1. Where deep relationships are formed

Many of our closest friendships are formed during school, university, or at work. That is no coincidence. In those phases and environments, we spend a lot of time together. We work on things together, experience situations together, and become part of each other’s everyday lives. Relationships are built there not only through conversations about life, but through experiencing life together.

2. What changes later on

Later in life, things often look different - outside of work, at least. We meet for lunch, coffee, or dinner. Two or three hours. We tell each other what has happened in recent weeks. Work, family, plans. Essentially, we update each other; we bring one another up to speed. That is pleasant and often stimulating. But it is something different: we talk about life, but we no longer experience it together.

3. A simple observation

This became very clear to me again recently. I spent several days visiting different friends, staying overnight with them. Not a classic meetup, but time within everyday life. Shared breakfasts, spontaneous conversations, helping each other with small tasks - things that simply happened naturally.
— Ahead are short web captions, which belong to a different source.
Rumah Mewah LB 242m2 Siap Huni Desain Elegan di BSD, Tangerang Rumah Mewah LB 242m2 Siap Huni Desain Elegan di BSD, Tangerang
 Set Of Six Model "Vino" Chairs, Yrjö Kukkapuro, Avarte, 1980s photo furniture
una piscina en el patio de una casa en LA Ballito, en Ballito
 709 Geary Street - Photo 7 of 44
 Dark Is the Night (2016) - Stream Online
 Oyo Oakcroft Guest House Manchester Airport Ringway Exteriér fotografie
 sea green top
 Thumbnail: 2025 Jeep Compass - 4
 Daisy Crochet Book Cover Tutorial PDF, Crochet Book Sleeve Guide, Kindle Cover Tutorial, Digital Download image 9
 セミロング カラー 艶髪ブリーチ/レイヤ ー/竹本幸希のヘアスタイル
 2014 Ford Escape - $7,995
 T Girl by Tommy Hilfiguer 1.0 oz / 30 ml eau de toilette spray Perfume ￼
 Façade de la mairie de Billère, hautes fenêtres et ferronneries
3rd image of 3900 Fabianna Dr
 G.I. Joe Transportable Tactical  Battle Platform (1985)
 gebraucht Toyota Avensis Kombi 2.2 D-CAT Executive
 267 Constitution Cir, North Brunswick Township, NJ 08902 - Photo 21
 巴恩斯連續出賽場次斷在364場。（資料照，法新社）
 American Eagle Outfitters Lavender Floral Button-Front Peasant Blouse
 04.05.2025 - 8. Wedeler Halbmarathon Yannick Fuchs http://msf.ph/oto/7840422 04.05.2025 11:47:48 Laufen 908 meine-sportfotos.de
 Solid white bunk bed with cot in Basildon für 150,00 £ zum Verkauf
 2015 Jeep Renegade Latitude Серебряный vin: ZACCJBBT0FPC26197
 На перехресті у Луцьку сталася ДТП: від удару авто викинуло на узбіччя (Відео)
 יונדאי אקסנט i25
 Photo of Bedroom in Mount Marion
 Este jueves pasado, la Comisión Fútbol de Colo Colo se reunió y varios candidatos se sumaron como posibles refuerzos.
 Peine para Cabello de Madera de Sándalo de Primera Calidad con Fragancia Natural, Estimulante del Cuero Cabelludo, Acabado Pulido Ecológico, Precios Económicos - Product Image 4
And it immediately felt different: closer, more natural, more meaningful.

In a very short time, a depth emerged that you rarely reach through many separate meetings of two or three hours.

4. A parallel to work

I experience something similar in a professional context as well. As a self-employed entrepreneur with a remote team, I often miss exactly this: working together in the same room, feeling the energy of others, noticing moods and dynamics.

Here too, the strongest connections are not built in calls, but through this shared physical time together.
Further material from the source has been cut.